Last minute deal prompts border delays
12 January 2021
Responding to border delay problems, hauliers were warned by UK Cabinet Secretary Michael Gove early in January that there was likely to be ‘significant disruption’ at borders in January.
On social media, Cold Chain Federation CEO Shane Brennan said ‘the fact Gove is willing to say this confirms what most of us feel, that problems are building’.
When the deal was struck in late December, numerous industry bodies said they were disappointed by the lack of implementation time and warned there would be delays as companies and authorities struggled with the nitty gritty of the new rules.
Brennan described the situation as complex.
“There is a number of different actors involved. On the commercial side - within one exporter there are multiple departments. There is also the buying company and the logistics company. They all have to sync. On the government side, its even more complex. In the UK there are dozens of departments and agencies involved, and the same if not more in every member state of the EU. They all have the same rule book but it’s 1,200 pages long, 15 days old, and open to interpretation. Being border ready means different things to different actors,” he explained.
When it comes to border paperwork - it is not one piece of paper or process, it can be dozens.
Brennan continued: “One major thing from this week is seeing in practice the reality we knew in theory, that the border isn't one physical place. For example, hauliers are now a 'border' having to refuse to carry loads for unready customers. Customs agents are a 'border' - not enough and overworked.
“For trade bodies like ours our focus has to shift fast to a practical dialogue with the EU authorities on the ground. We have to understand what they want, where possible persuade them on interpretation changes and help members do what they want.”
“The recent months have been the hardest since we first opened our doors. Not because of the inevitable bureaucracy associated with Brexit, which we expected and accepted, but because we have had to endure the government issuing a barrage of useless information, none of which has added any clarity or value to businesses such as ours.”
“As I write, perishable goods that were dispatched from our facility five days ago, headed for France following a process that your department advised, have still not crossed the border. This usually takes only 24 hours because they are consolidated with the produce of other companies, which have not been able to follow the correct procedures due to a knowledge gap directly attributable to your department.”
Some EU-based suppliers are holding back on exports to the UK until rules on matters such as VAT are clarified.
“We are unsure how it will pan out but it looks like you will need to register for VAT in the UK. We won't know for another while yet.This is why I think it's not worth the hassle in the short term until it becomes clear what we need to do. I do plan on selling in the UK again just when it's clear and set in stone.”

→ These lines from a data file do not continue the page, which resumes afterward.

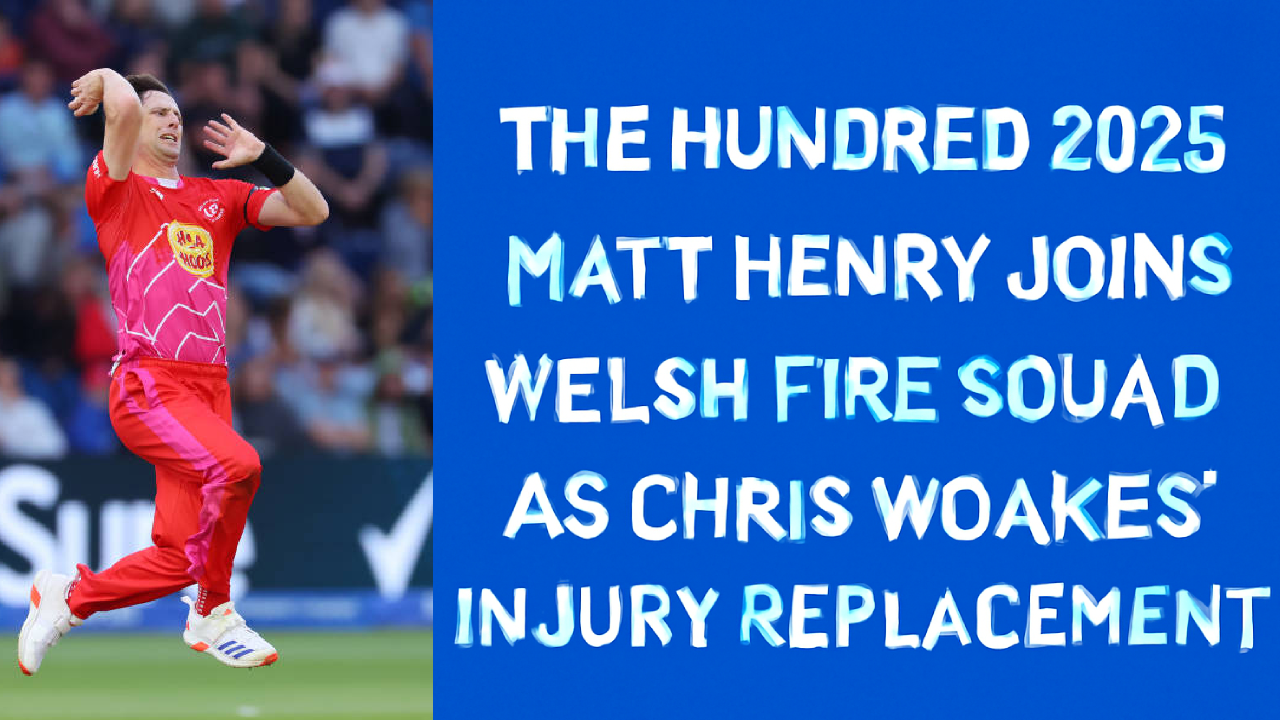 The Hundred 2025: Matt Henry Joins Welsh Fire Squad as Chris Woakes’ Injury Replacement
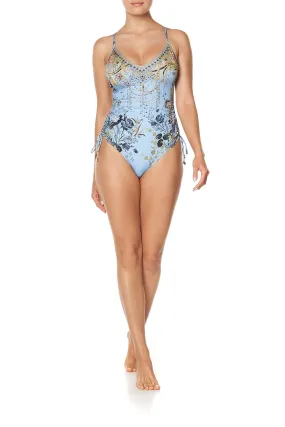 ROUCHED SIDE ONE PIECE FAIRY FOUNTAIN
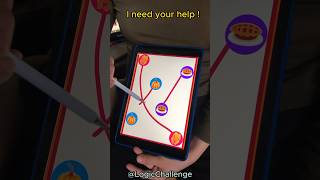 Logic challenge - Connect dots of the same color #logicchallenge #jogos #desafíos #logic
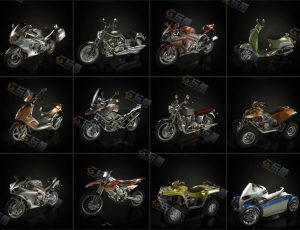 机车摩托车合辑Blender模型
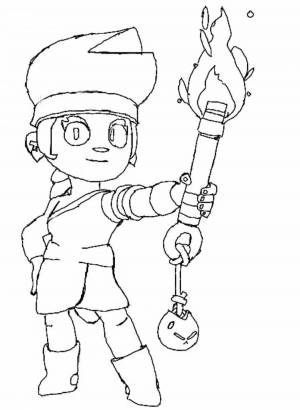 Раскраски Амбер из бравл старс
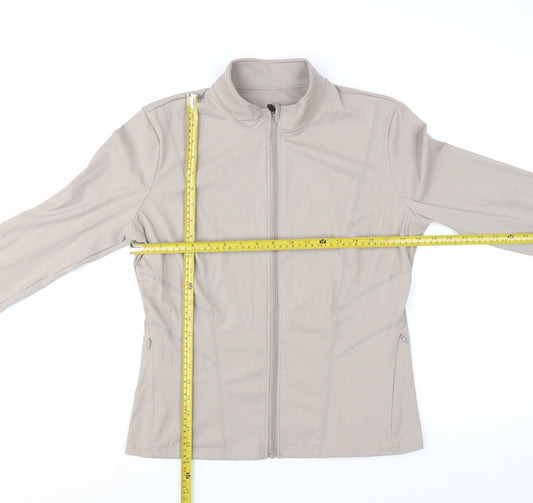 RAPBIN Women's Beige XL Full Zip Lightweight Active Track Jacket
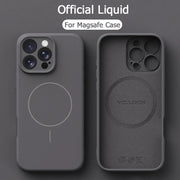 Original Liquid Soft Silicone For Magsafe Wireless Charge Magnetic Case For iPhone 16 Plus 15 14 13 12 Pro Max 11 Cover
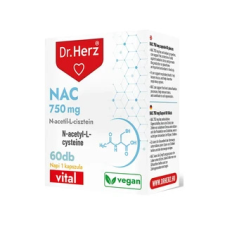 Dr. Herz NAC 750 mg 60 db kapszula vitamin és táplálékkiegészítő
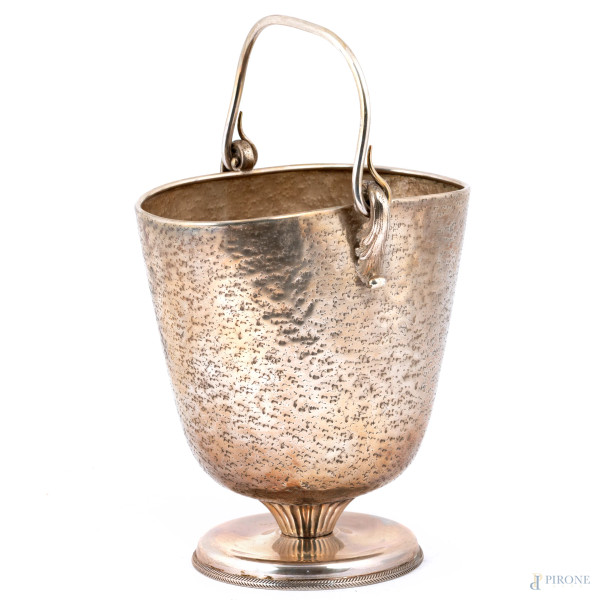 Glacette in argento 800/000, altezza cm 18, peso gr 570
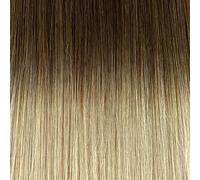 GLOBAL EXTEND® Bond Extensions I 100% Real Hair I Double Drawn | Various Lengths I Reusable I Versatility in Styling I Wide Choice of Colours (45 cm, 8B/615 Ombré)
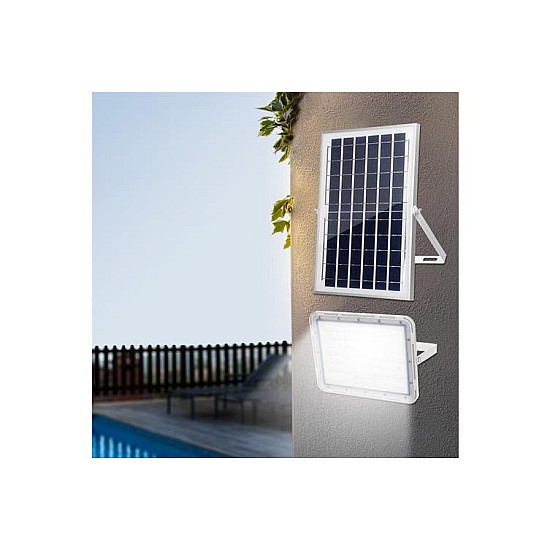 Proiector solar pentru iluminat cu panou solar si telecomanda, 150 w
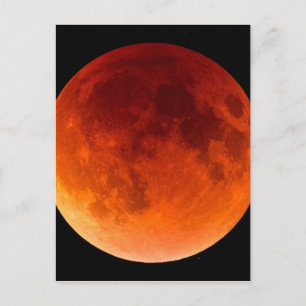 Carte Postale Éclipse de la lune de sang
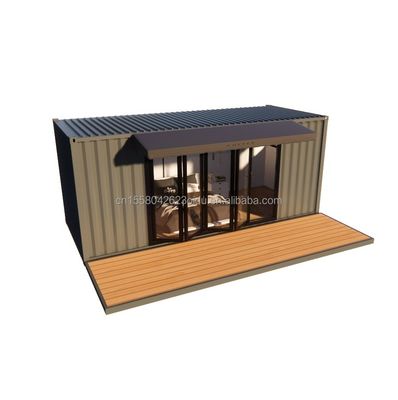 Residenziale modulare rimorchio prefabbricato con 50/75/100mm Wave Sandwich Panel Pareti 20ft stile di design moderno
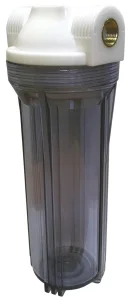 Колба для холодной воды прозрачная без картриджа УСИЛЕННАЯ PERFECT AquaKratos АКv-107 3/4"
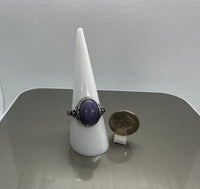 Natural Charoite Ring #3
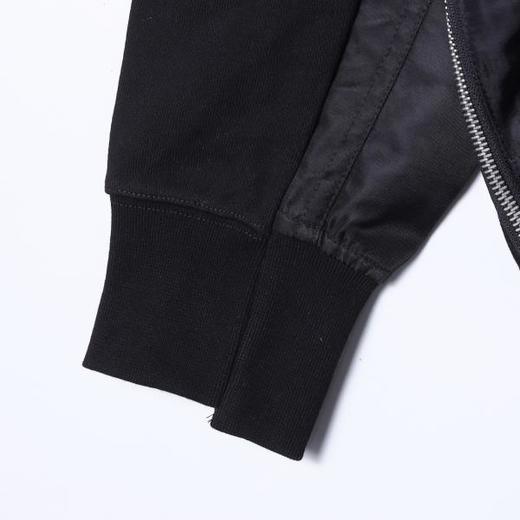 SDSA男士秋冬新款痞帅男装小众拼接多拉链立领连帽夹克外套简约潮 商品图4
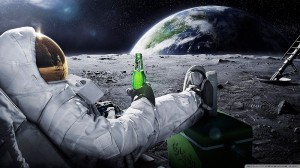 Create meme: space flight, man on the moon, space tourism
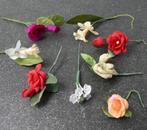 Vintage kunstbloempjes voor op een cadeau, Ophalen, Gebruikt, Binnen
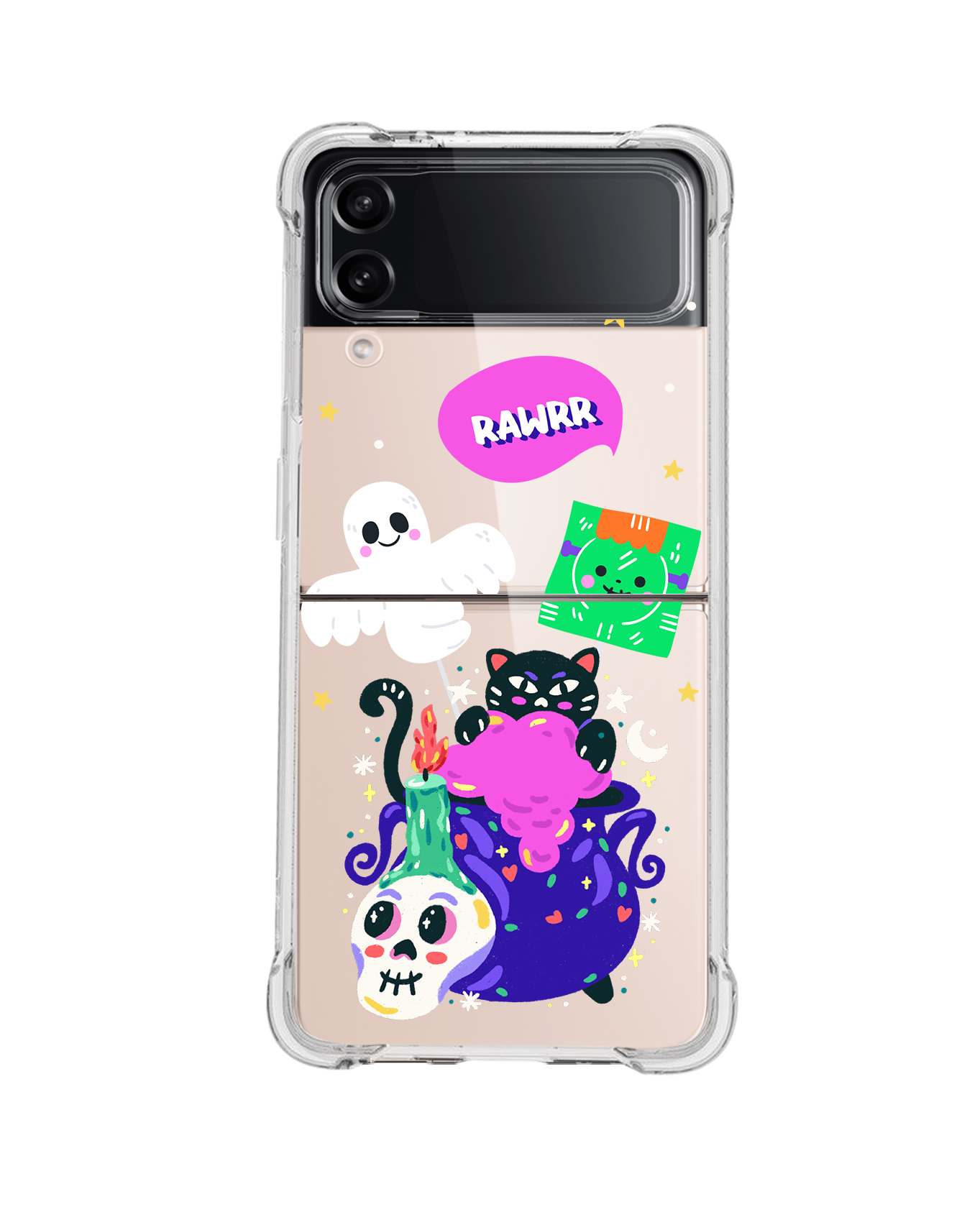 Android Flip / Fold Rearguard Hybrid - Cat Monster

Speaking on 8 January 2021 about reports of disruption to NI-GB trade, Elizabeth de Jong, director of Policy at Logistics UK, said: “Issues which have occurred at the GB/NI border are due, in part, to businesses not having a full understanding of the new border requirements for moving goods to and from Northern Ireland. With only five days from the announcement of a new trade deal with the EU to the end of the Transition period, some confusion is inevitable, but it is now vital that government steps up communication with industry to ensure that loads can be dispatched with the correct paperwork and declarations.
“Freight from GB to NI has seen particular challenges: the GVMS system used for all GB-NI freight was only fully launched on the 23 December, while guidance on GB to NI freight providing a grace period for parcels and post was published on the 31st December.
“We have asked for clearer communication of the administrative requirements, akin to the Border Operating Model for GB-EU trade. We have also asked government to urgently apply simplifications and implement derogations and mitigations for all goods from NI to GB, and also to immediately restart the NI Protocol working groups, which do not yet appear to be functioning. These groups are vital to delivering longer-term solutions and avoid major disruption as volumes of traffic increase.”
In addition, UK retailers such as John Lewis and Debenhams suspended sales into the EU as they sought to get to grips with the implications of updated rules of origin regulations.